*** RECORD SET ***
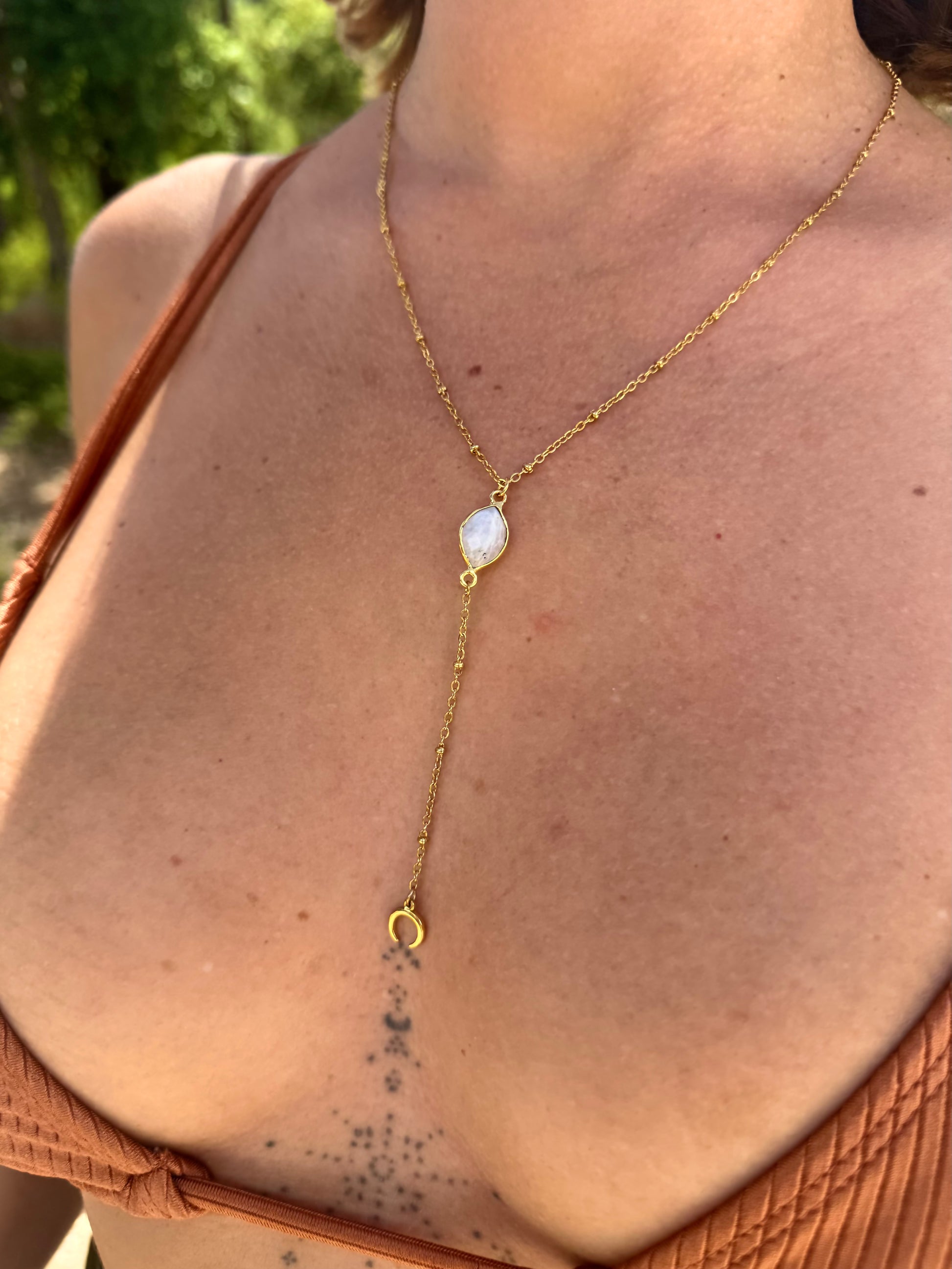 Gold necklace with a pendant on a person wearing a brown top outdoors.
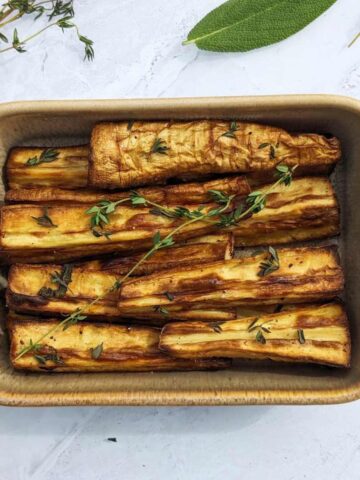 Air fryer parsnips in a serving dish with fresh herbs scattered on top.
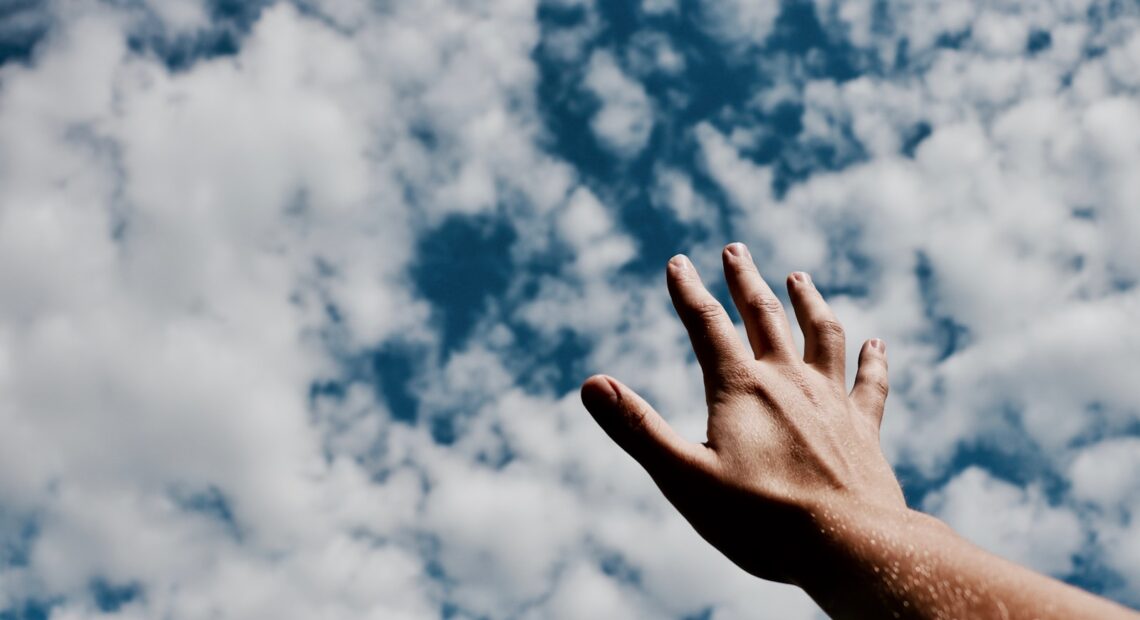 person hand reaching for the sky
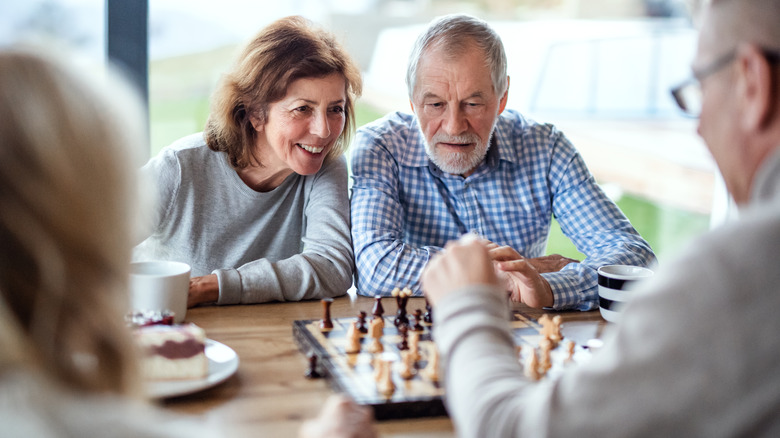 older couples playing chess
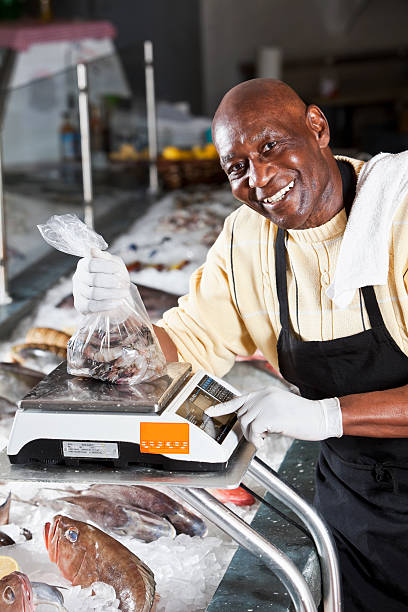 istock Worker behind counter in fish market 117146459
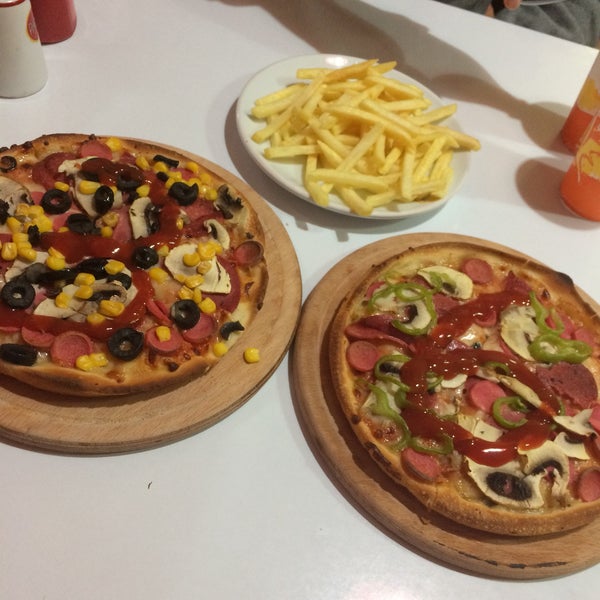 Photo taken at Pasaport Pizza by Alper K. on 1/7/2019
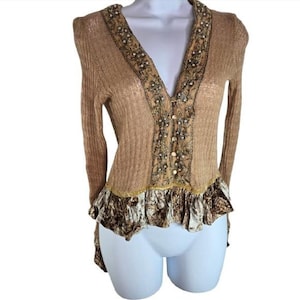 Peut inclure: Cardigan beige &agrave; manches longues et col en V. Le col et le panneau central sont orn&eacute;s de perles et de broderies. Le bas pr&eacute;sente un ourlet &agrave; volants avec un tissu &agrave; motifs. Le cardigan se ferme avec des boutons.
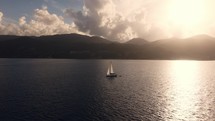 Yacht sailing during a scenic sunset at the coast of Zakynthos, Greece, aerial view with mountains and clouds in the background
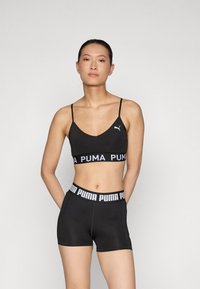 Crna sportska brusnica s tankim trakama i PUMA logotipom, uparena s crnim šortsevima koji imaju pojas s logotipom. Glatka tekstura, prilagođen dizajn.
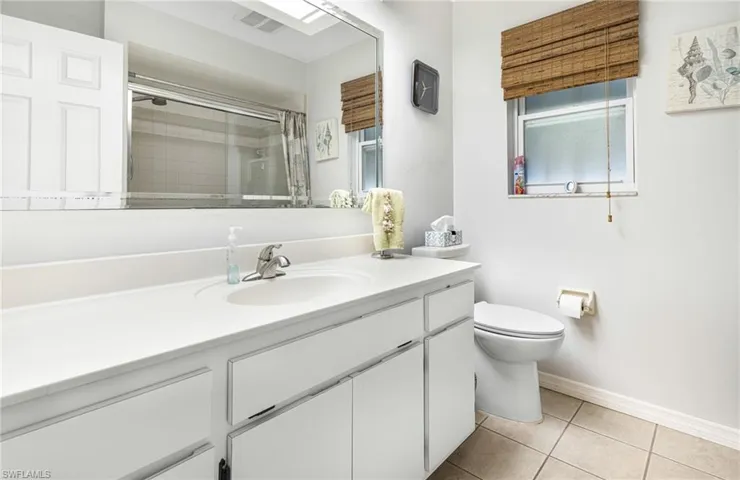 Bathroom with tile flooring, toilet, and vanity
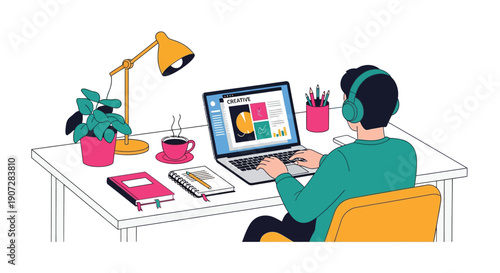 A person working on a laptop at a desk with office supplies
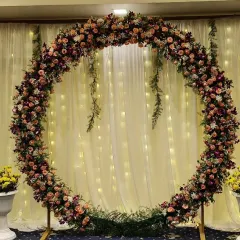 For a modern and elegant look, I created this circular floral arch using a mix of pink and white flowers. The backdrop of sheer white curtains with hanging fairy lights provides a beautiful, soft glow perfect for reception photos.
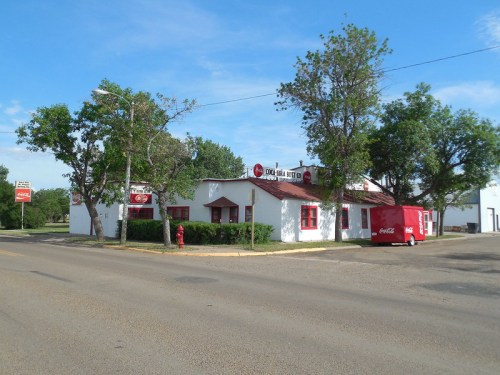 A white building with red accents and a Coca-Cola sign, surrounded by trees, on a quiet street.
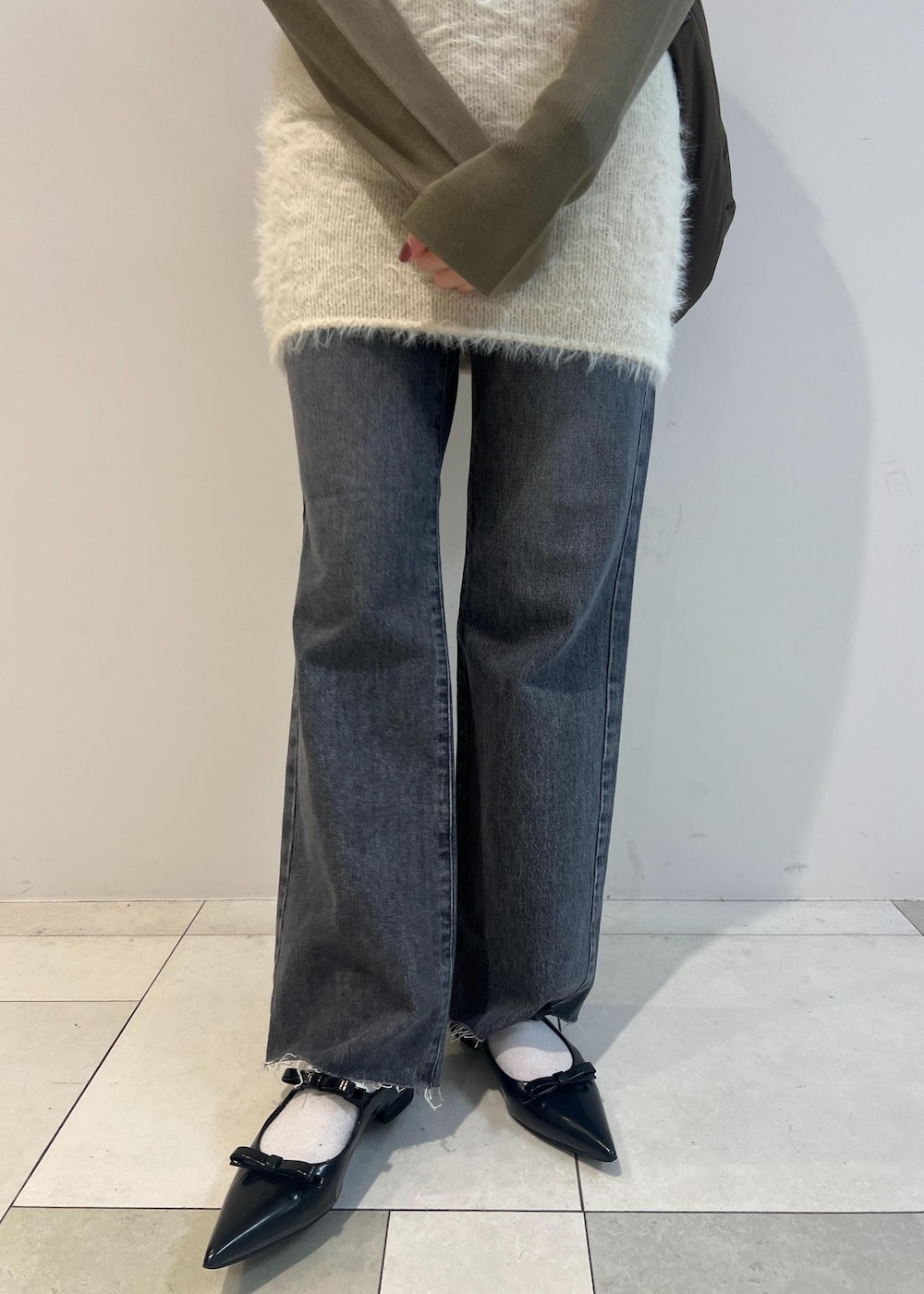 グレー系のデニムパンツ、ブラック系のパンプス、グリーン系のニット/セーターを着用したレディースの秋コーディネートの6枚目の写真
*** End of RECORD SET ***
» WORK INSTRUCTION
Since the copy should hold text only, set down each record exactly and leave the pictures out.

» RESPONSE AREA
 Gold necklace with a pendant on a person wearing a brown top outdoors.
 Air fryer parsnips in a serving dish with fresh herbs scattered on top.
 person hand reaching for the sky
 older couples playing chess
 istock Worker behind counter in fish market 117146459
 Photo taken at Pasaport Pizza by Alper K. on 1/7/2019
 Peut inclure: Cardigan beige &agrave; manches longues et col en V. Le col et le panneau central sont orn&eacute;s de perles et de broderies. Le bas pr&eacute;sente un ourlet &agrave; volants avec un tissu &agrave; motifs. Le cardigan se ferme avec des boutons.
 Yacht sailing during a scenic sunset at the coast of Zakynthos, Greece, aerial view with mountains and clouds in the background
 Crna sportska brusnica s tankim trakama i PUMA logotipom, uparena s crnim šortsevima koji imaju pojas s logotipom. Glatka tekstura, prilagođen dizajn.
 Bathroom with tile flooring, toilet, and vanity
 A person working on a laptop at a desk with office supplies
 For a modern and elegant look, I created this circular floral arch using a mix of pink and white flowers. The backdrop of sheer white curtains with hanging fairy lights provides a beautiful, soft glow perfect for reception photos.
 A white building with red accents and a Coca-Cola sign, surrounded by trees, on a quiet street.
 グレー系のデニムパンツ、ブラック系のパンプス、グリーン系のニット/セーターを着用したレディースの秋コーディネートの6枚目の写真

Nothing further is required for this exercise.